Um segundo vestígio de sangue foi descoberto no apartamento do casal McCann pelos cães ingleses que estão a auxiliar a investigação do desaparecimento de Madeleine, apurou o JN. Esta pequena amostra junta-se a uma outra encontrada numa parede do quarto de Gerry e Kate e vem reforçar a hipótese de que a menina inglesa poderá ter sido morta naquele local. Os dois indícios, ambos encontrados em superfícies lavadas, estão ainda a ser analisados num laboratório inglês para apurar se pertencem efectivamente a Maddie.
A principal linha de investigação da Polícia Judiciária (PJ) e da polícia inglesa pressupõe a morte da criança, como confirmou, ao JN, Olegário de Sousa, porta-voz da PJ para o caso. "Houve alguns desenvolvimentos e foram obtidas pistas que poderão indiciar uma possível morte da menina".
O inspector-chefe explicou que os investigadores "estão a aguardar os resultados laboratoriais aos vestígios recolhidos " no apartamento do Ocean Club, na Praia da Luz, em Lagos, de onde a criança desapareceu a 3 de Maio. "Todas as hipóteses estão ainda em aberto e a ser investigadas, mas a possibilidade de a menina estar morta tem mais intensidade", disse ainda o porta-voz. Desta forma, apesar de declarações divergentes do casal McCann, a PJ investiga neste momento as teses de morte acidental ou homicídio.
Além dos dois vestígios enviados para Inglaterra, a PJ conta ainda com o facto de os cães "springer spaniel", cedidos pela Polícia inglesa, terem registado igualmente a presença de sangue e odor de cadáver noutros sítios com os quais o corpo da menina poderá ter contactado. Porém, nestes casos, já não terá sido possível recolher quaisquer vestígios biológicos.
Pais insistem no sequestro
"Não vamos deixar de procurar a Madeleine". A garantia foi dada ontem, de uma forma emotiva, por Gerry McCann, no final da missa rezada por um padre inglês, e que encheu por completo a pequena igreja da praia da Luz.
Antes, logo no início da celebração, Kate McCann subiu ao altar e ao microfone pediu para que todos continuassem com Madeleine no pensamento. "Faz hoje 100 dias que a minha linda e preciosa menina foi levada", começou Kate, emocionada, agradecendo depois "a todos, especialmente à comunidade da praia da Luz, pela ajuda".
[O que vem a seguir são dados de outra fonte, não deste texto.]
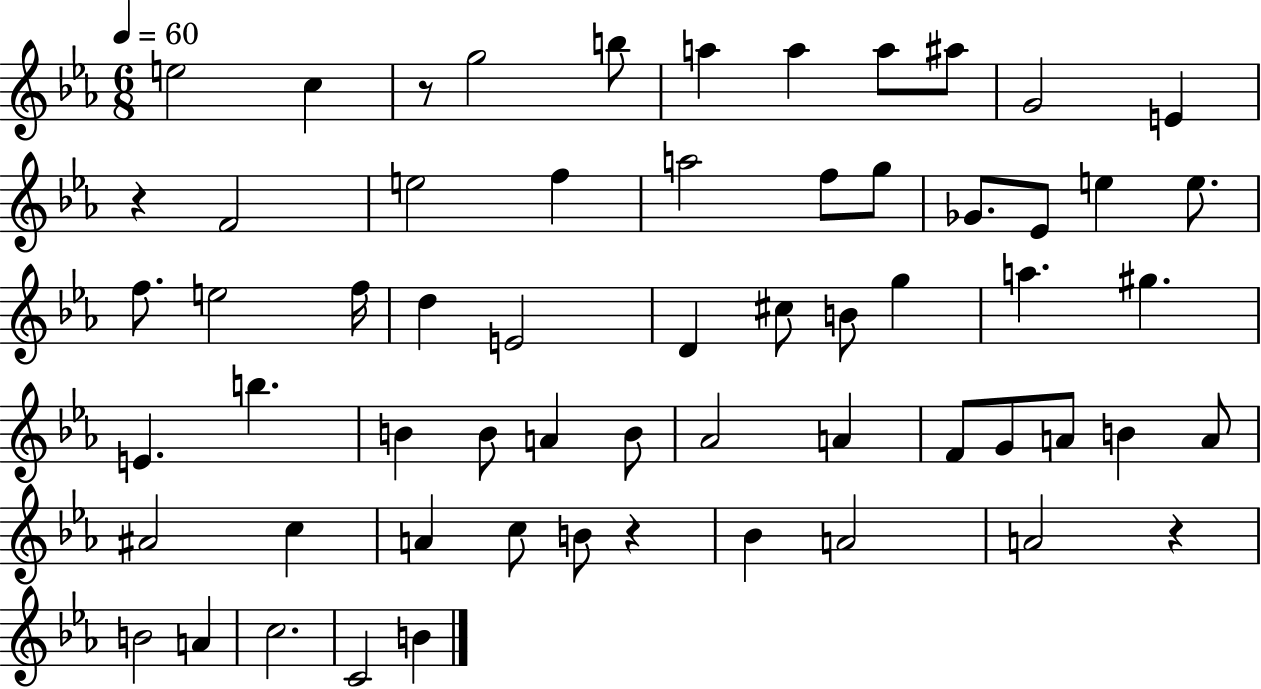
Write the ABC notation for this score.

A missa ficou marcada por fortes momentos emotivos. Dirigindo-se ao casal, que assistia às celebrações na primeira fila, o sacerdote britânico admitiu que "seria mais fácil para todos se Kate e Gerry se fossem embora", mas "isso não estaria certo".
Missa em inglês
A cerimónia religiosa - que terminou quando se acenderam dezenas de pequenas velas em honra de todas as crianças desaparecidas - aconteceu em inglês, dificultando o seu acompanhamento por quem nada entende desta língua.
Foi o caso de Maria de Lurdes, que há 15 anos passa férias na praia da Luz. Ontem, esta alfacinha queria assistir à missa, mas cedo desistiu da ideia.
"Não entendo nada de inglês, mas fui lá dentro da igreja e dei um beijinho à mãe da menina e disse-lhe para ter coragem", contou ao JN, enquanto aguardava no adro o final da missa. "Eu também sou mãe e avó e por isso percebo o que eles estão a sofrer", frisou Maria de Lurdes.
Ermelinda Real também reside em Lisboa e passa férias anualmente na praia da Luz. Ficou fora da igreja, pois não percebe "nada de inglês". Também ela foi beijar Kate "na testa" e garantiu que a mãe da menina "estava muito comovida". "Disse-lhe para ter coragem a acreditar que a filha vai aparecer", explicou Ermelinda, admitindo que Kate "não deve ter percebido, pois não sabe português".
Tal como estas duas turistas, muitos outros, alguns de biquini e calção de banho, aguardaram durante uma hora, sob sol intenso, que a missa terminasse. Todos queriam ver de perto o casal McCann e por isso aguentaram.